Data items
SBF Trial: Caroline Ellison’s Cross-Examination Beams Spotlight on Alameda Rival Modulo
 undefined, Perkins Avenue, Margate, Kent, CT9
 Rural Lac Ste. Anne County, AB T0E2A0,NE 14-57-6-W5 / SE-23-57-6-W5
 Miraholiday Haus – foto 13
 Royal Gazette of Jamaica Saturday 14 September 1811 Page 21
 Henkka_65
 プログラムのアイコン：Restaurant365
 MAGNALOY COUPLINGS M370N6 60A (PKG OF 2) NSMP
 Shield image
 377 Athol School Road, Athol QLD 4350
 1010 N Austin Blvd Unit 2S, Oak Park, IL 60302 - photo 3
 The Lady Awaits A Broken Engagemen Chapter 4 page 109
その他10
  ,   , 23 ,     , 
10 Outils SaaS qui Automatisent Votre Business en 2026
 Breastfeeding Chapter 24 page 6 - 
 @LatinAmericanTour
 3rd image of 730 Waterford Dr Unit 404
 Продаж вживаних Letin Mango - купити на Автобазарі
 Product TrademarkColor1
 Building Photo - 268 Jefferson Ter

#### Required action
Copy every line above exactly.

#### Task solution
SBF Trial: Caroline Ellison’s Cross-Examination Beams Spotlight on Alameda Rival Modulo
 undefined, Perkins Avenue, Margate, Kent, CT9
 Rural Lac Ste. Anne County, AB T0E2A0,NE 14-57-6-W5 / SE-23-57-6-W5
 Miraholiday Haus – foto 13
 Royal Gazette of Jamaica Saturday 14 September 1811 Page 21
 Henkka_65
 プログラムのアイコン：Restaurant365
 MAGNALOY COUPLINGS M370N6 60A (PKG OF 2) NSMP
 Shield image
 377 Athol School Road, Athol QLD 4350
 1010 N Austin Blvd Unit 2S, Oak Park, IL 60302 - photo 3
 The Lady Awaits A Broken Engagemen Chapter 4 page 109
その他10
  ,   , 23 ,     , 
10 Outils SaaS qui Automatisent Votre Business en 2026
 Breastfeeding Chapter 24 page 6 - 
 @LatinAmericanTour
 3rd image of 730 Waterford Dr Unit 404
 Продаж вживаних Letin Mango - купити на Автобазарі
 Product TrademarkColor1
 Building Photo - 268 Jefferson Ter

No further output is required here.